Short descriptive text snippets:
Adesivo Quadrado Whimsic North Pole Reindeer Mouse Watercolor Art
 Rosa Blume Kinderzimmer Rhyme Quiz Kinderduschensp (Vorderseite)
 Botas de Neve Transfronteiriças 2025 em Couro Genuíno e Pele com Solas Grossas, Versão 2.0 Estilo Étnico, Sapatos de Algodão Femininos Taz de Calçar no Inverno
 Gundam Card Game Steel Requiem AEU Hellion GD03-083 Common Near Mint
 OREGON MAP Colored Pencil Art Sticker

REQUIREMENT: From the line containing "Rosa Blume Kinderzimmer" to the last line above, repeat every line exactly and nothing else.

TASK RESULT:
 Rosa Blume Kinderzimmer Rhyme Quiz Kinderduschensp (Vorderseite)
 Botas de Neve Transfronteiriças 2025 em Couro Genuíno e Pele com Solas Grossas, Versão 2.0 Estilo Étnico, Sapatos de Algodão Femininos Taz de Calçar no Inverno
 Gundam Card Game Steel Requiem AEU Hellion GD03-083 Common Near Mint
 OREGON MAP Colored Pencil Art Sticker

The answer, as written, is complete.